INSTRUCTIONS TO FOLLOW: Set the pictures aside and transcribe exactly the lines from the one containing "Maglietta Uomo Hawaiian" through the final line of the records.

Data items:
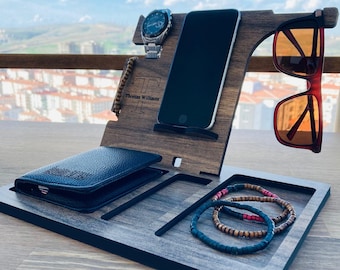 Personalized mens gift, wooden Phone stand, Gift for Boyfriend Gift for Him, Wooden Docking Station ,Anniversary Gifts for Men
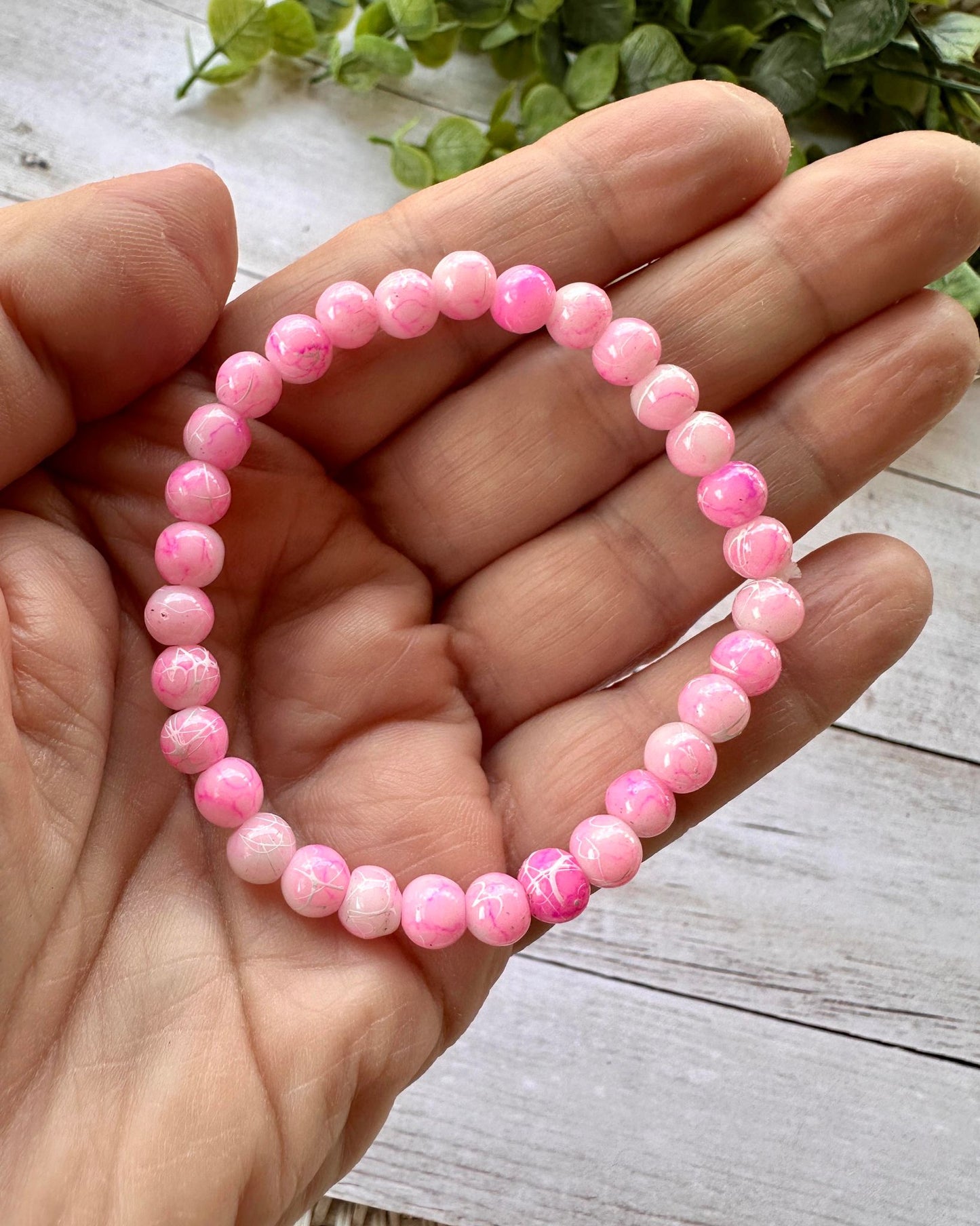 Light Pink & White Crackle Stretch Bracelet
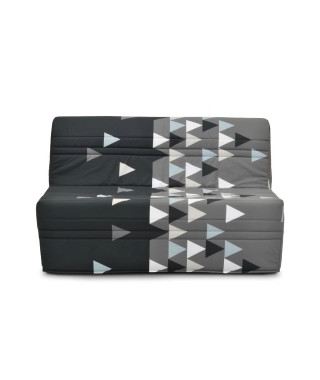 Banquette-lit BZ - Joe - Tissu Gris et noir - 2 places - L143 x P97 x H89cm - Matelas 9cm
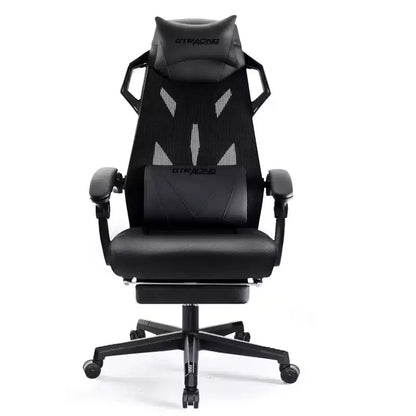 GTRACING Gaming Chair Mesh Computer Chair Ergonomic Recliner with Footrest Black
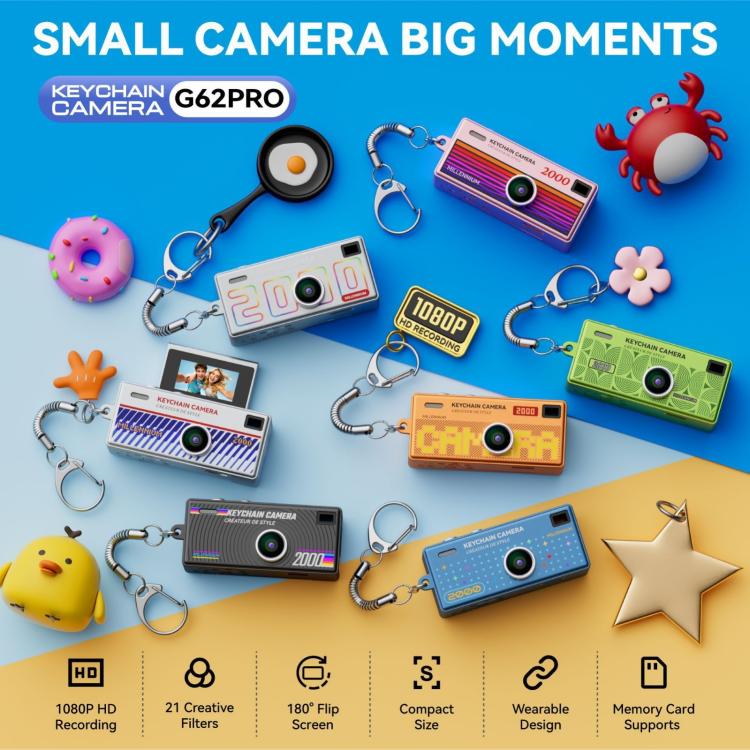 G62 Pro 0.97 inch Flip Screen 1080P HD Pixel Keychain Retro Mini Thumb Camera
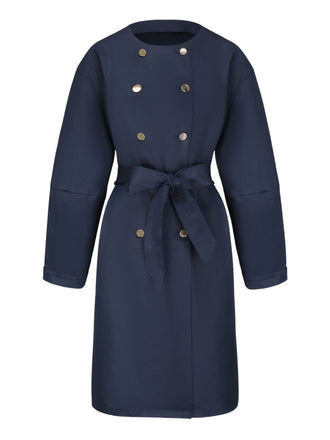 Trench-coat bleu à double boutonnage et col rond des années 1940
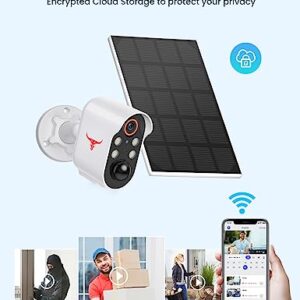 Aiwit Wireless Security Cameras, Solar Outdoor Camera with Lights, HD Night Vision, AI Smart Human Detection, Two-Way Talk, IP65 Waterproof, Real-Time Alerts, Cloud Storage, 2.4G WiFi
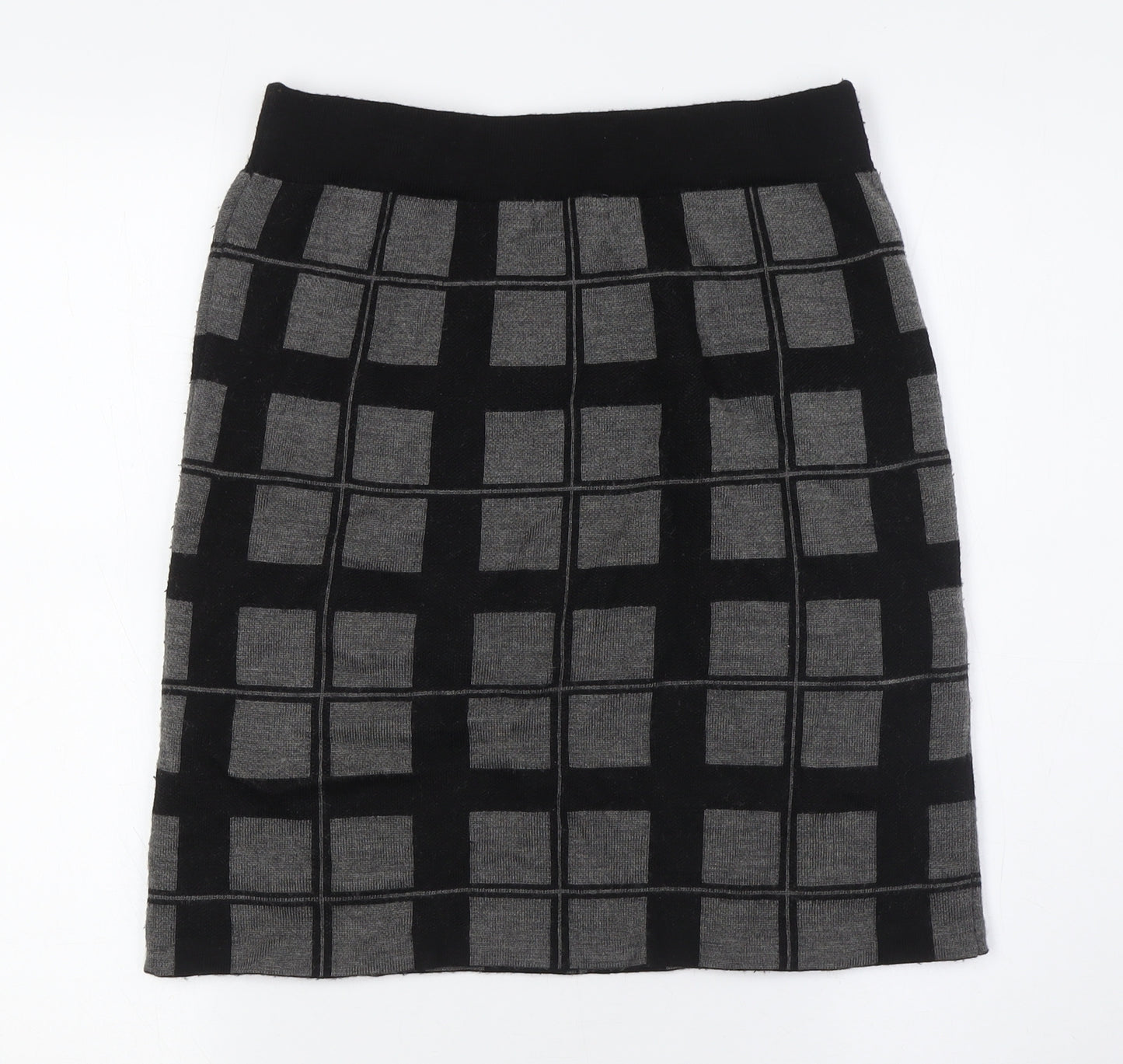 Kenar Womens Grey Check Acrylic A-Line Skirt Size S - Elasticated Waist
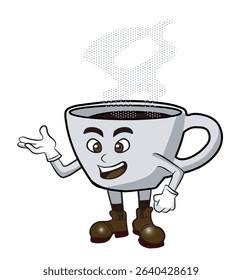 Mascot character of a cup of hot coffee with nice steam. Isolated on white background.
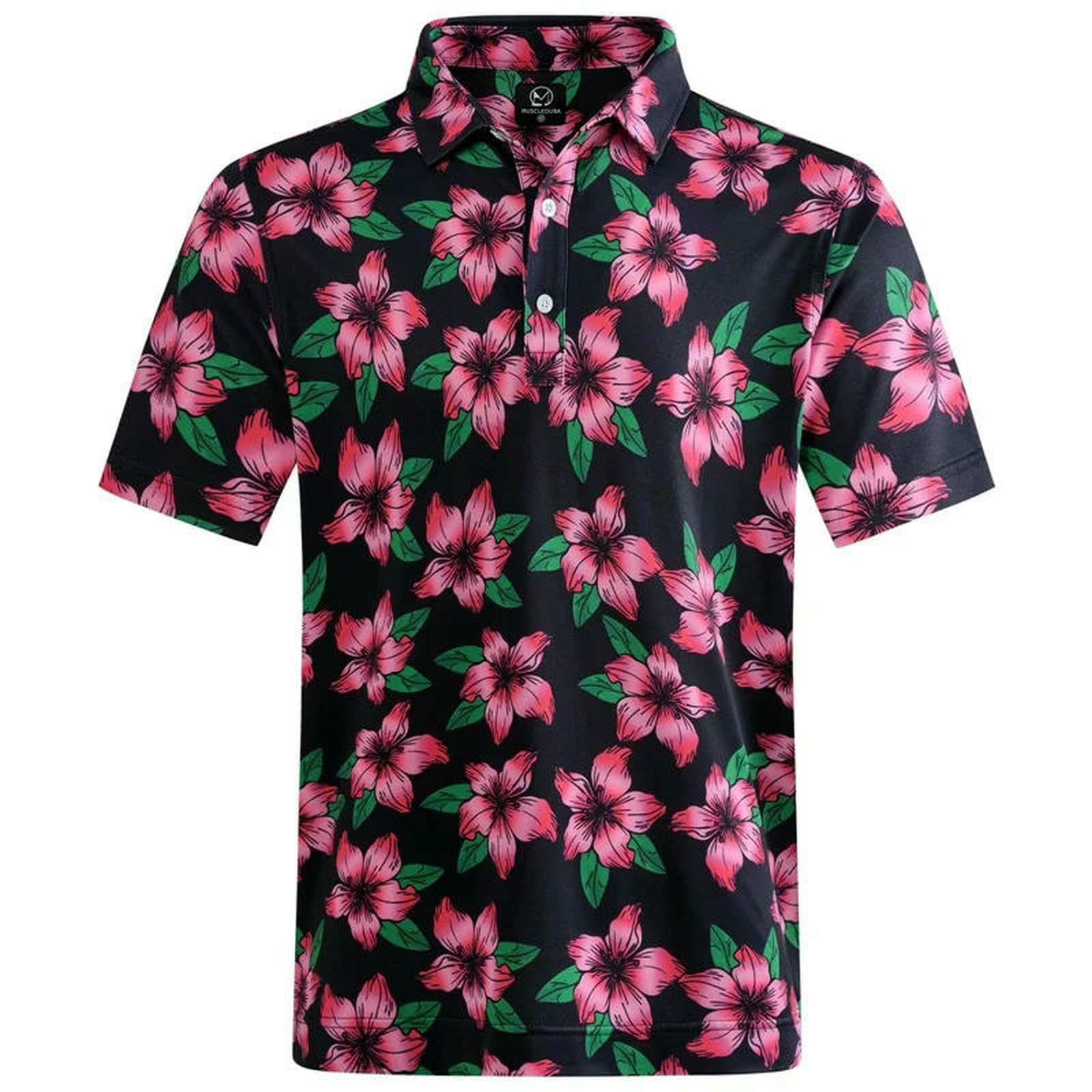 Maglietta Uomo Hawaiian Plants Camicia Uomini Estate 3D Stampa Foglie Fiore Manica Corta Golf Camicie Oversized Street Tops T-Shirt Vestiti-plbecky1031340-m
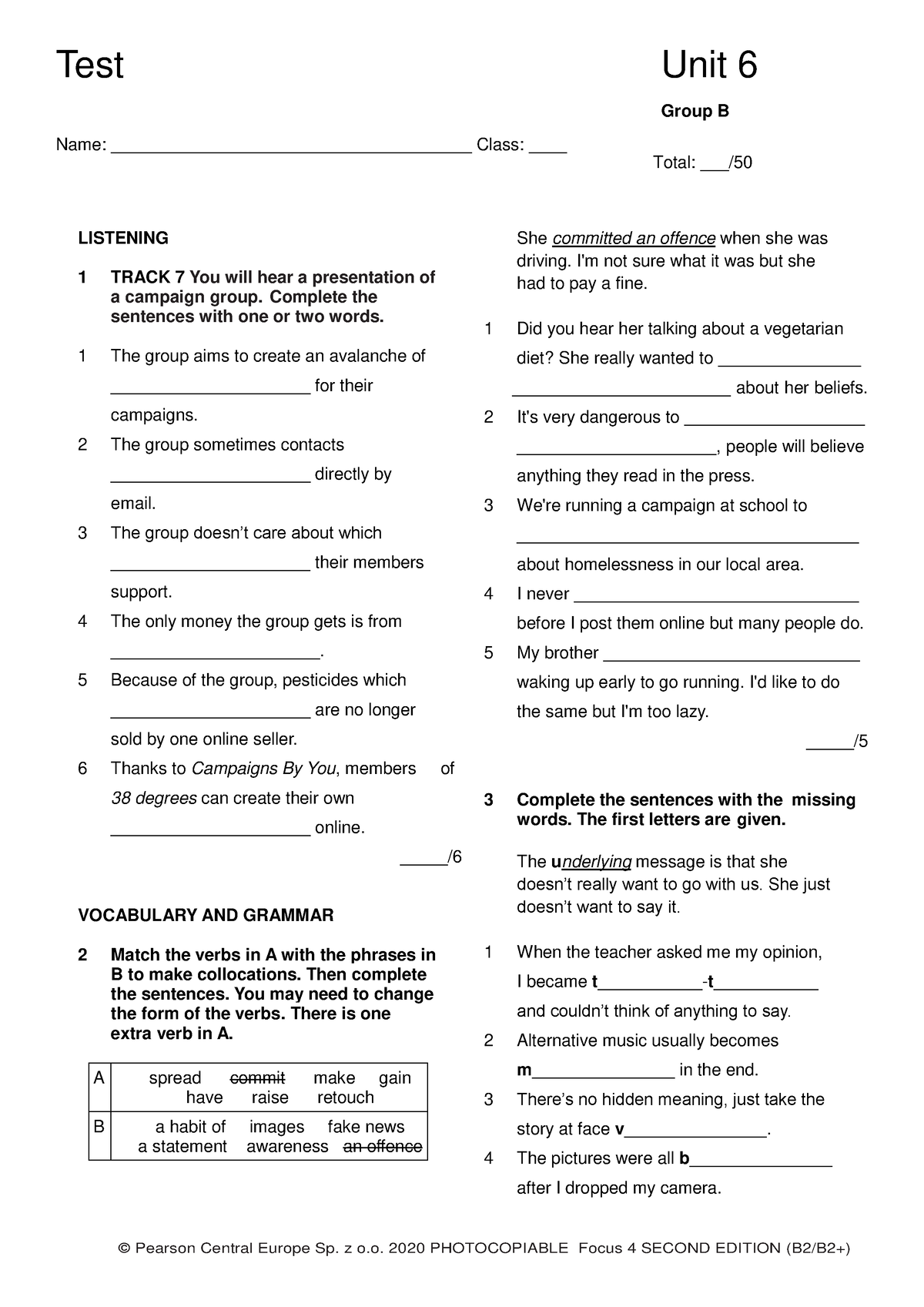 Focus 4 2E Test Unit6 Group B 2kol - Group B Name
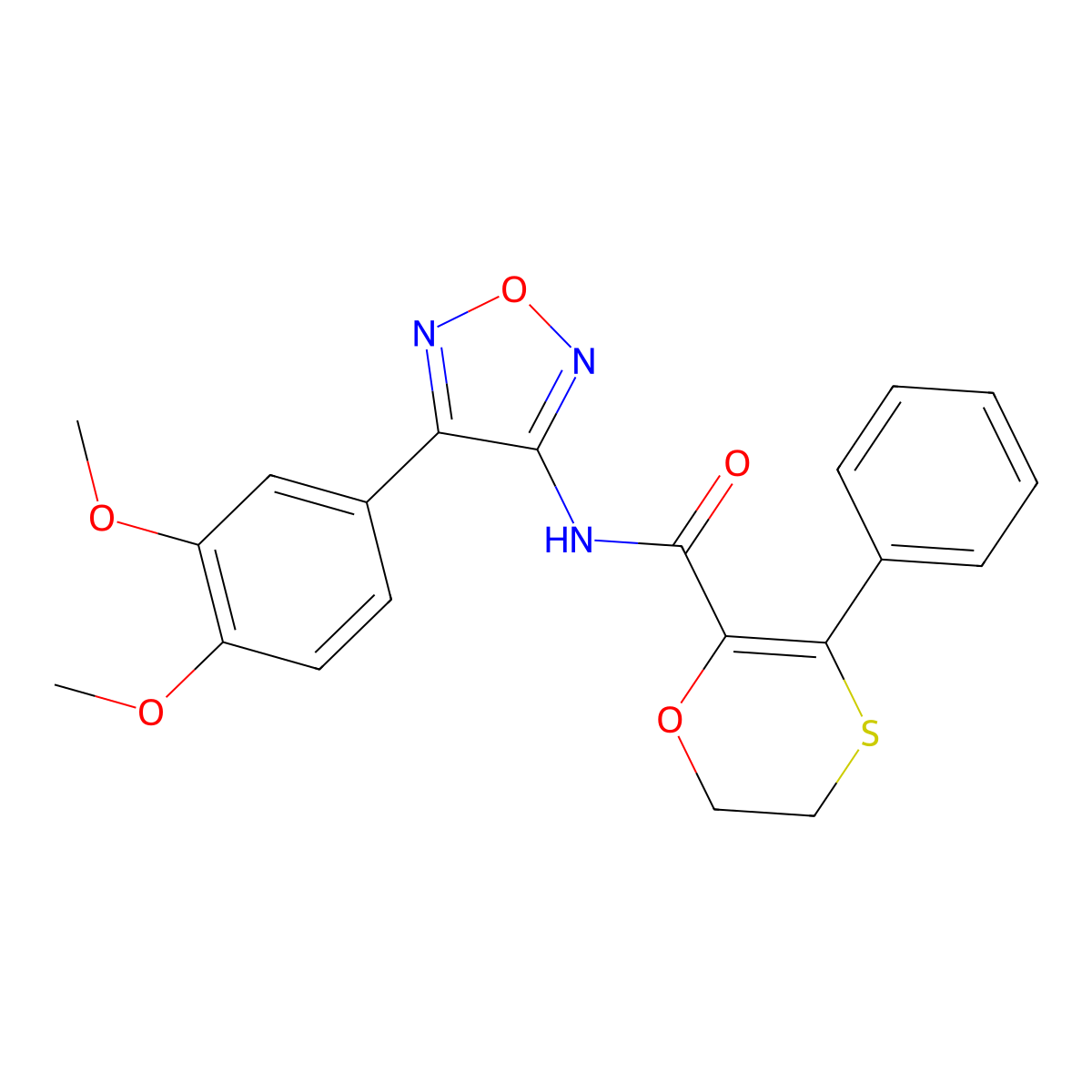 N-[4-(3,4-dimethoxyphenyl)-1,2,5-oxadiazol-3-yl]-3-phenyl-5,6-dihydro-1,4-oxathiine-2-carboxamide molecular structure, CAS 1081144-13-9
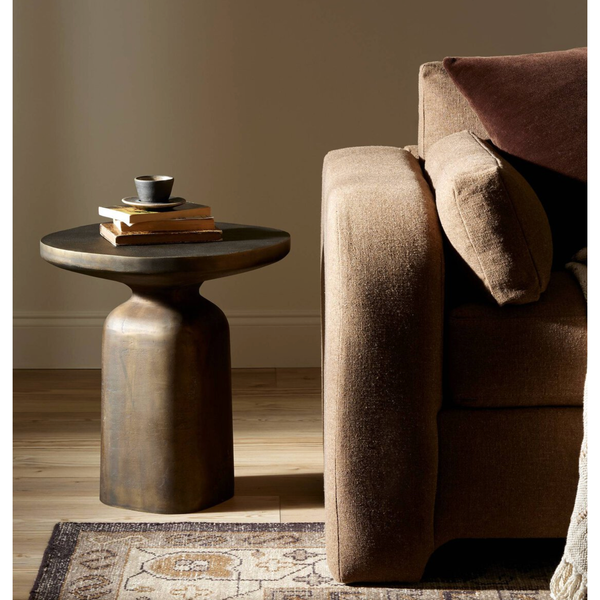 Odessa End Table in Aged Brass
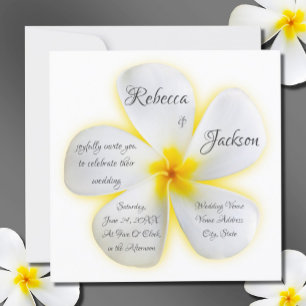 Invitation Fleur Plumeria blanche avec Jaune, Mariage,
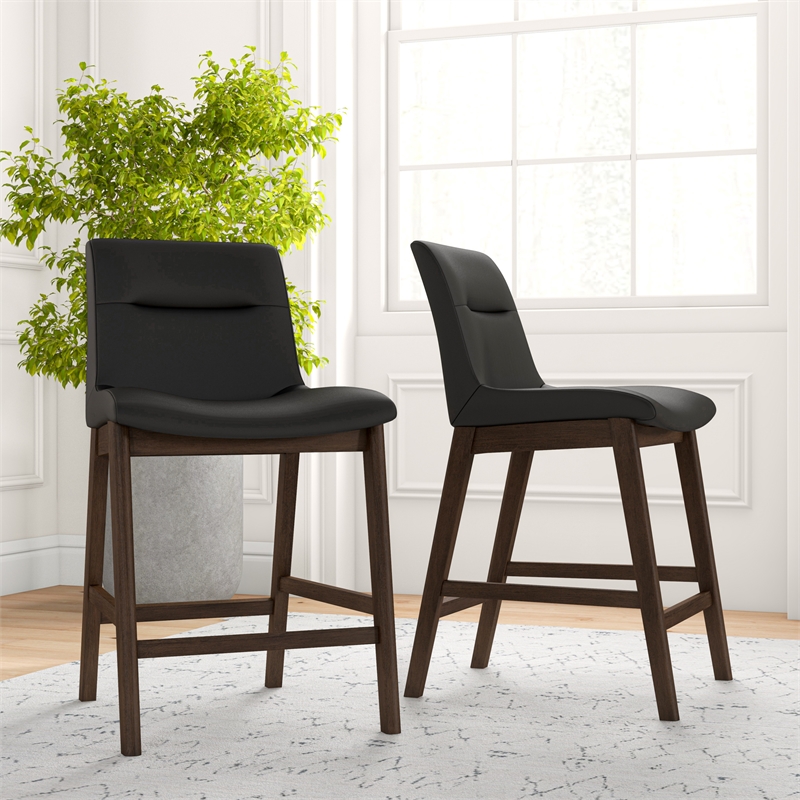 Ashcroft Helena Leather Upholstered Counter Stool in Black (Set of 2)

OUTPUT FOR THIS TASK:
 Maglietta Uomo Hawaiian Plants Camicia Uomini Estate 3D Stampa Foglie Fiore Manica Corta Golf Camicie Oversized Street Tops T-Shirt Vestiti-plbecky1031340-m
 Focus 4 2E Test Unit6 Group B 2kol - Group B Name
 N-[4-(3,4-dimethoxyphenyl)-1,2,5-oxadiazol-3-yl]-3-phenyl-5,6-dihydro-1,4-oxathiine-2-carboxamide molecular structure, CAS 1081144-13-9
 Odessa End Table in Aged Brass
 Invitation Fleur Plumeria blanche avec Jaune, Mariage,
 Ashcroft Helena Leather Upholstered Counter Stool in Black (Set of 2)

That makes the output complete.